Tuttavia vorrei impostare la questione da un punto di vista più radicale. Le indagini sull’essenza dell’arte in genere muovono dalla premessa che tale essenza esista veramente. Ma che succede se abbandoniamo tale premessa come qualcosa di completamente superfluo? Le cose cambiano come dal giorno alla notte. Io non vedo alcun motivo per cui un antico kouros, un quadro a spruzzo di Pollock, una proiezione di Jenny Holzer e un ritratto di Elisabetta II di un pittore accademico debbano necessariamente avere in comune qualcosa di essenziale, se non il fatto che sono tutti oggetti visivi fatti dall’uomo, che aspirano a coinvolgere in maniera duratura la nostra attenzione e a convogliare dei significati. Ciascuno di loro esiste in uno spettro continuo di prodotti visivi, che include al proprio interno anche gli annunci pubblicitari tanto ammirati dagli artisti pop, e opera all’estremità più complessa e stratificata di tale spettro. Il fatto che «cose» che funzionano in maniera molto diversa, cui applichiamo la comune categoria di «arte», siano arrivate a essere sistemate l’una accanto all’altra, tanto fisicamente quanto concettualmente, dipende soltanto dall’evoluzione istituzionale delle accademie e delle gallerie d’arte. È proprio questa sistemazione che ci svia, facendoci pensare che Pollock e i ritrattisti appartengano allo stesso genere di questione estetica. Sì, vorrei spingermi fino ad affermare che l’estetica è lo studio storico dei tentativi di definire l’essenza dell’arte. Ormai dovremmo averlo capito – Duchamp dovrebbe avercelo insegnato.

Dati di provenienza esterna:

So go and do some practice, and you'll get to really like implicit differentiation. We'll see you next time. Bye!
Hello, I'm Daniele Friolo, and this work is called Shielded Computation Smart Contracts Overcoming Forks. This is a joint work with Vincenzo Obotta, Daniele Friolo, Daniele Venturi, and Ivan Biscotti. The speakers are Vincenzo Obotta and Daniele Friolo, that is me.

Tutto ciò ci lascia solo con la spiegazione sociale dell’arte? Sì e no. Sì, nel senso che ogni opera è del suo tempo e luogo, come abbiamo visto. No, nel senso che ogni opera è l’espressione di impulsi umani basilari, soprattutto dell’impulso di comunicare attraverso la produzione di oggetti visivi. Sono convinto (forse a causa della mia formazione di biologo) che gli esseri umani, nella sostanza, non siano cambiati nel corso relativamente breve della loro storia documentata. I nostri amori e piaceri, le nostre avversioni e paure sono gli stessi ora e nell’antica Grecia o al tempo del Paleolitico. Questi tratti umani fondamentali devono venir espressi in modi concreti, in base ai contesti specifici che sono di volta in volta disponibili in luoghi e tempi specifici. Non c’è un’alternativa a questa loro appartenenza materiale e sociale; proprio come non possiamo dire quanto ci fa piacere sentire caldo senza che ci sia un preciso contesto materiale e soggettivo che permetta di capire quella frase. Il calore non è qualcosa che possiamo definire in maniera assoluta e autonoma. Il calore, in quanto esperienza, esiste in una cornice comunicativa condivisa in cui noi possiamo parlare e qualcuno può ascoltarci. L’arte ci parla nella stessa maniera contestuale. Una delle facoltà degli oggetti visivi che abbiamo imparato a chiamare «arte» consiste nel fatto che essi possono farci provare il calore orribile delle fiamme dipinte da Tiziano; tuttavia tali fiamme possono trasmettere pienamente il loro significato solo all’interno dell’immagine di san Lorenzo bruciato. Guardando la grande tela di Tiziano vediamo che è in corso un’agonia; ma la possiamo comprendere meglio se siamo in grado di «abitare» nel contesto umano e spirituale entro cui quel calore eccessivo assume un significato.
L’arte è nella storia e non può esistere al di fuori di essa. Eppure riesce sempre a parlarci in termini profondamente umani.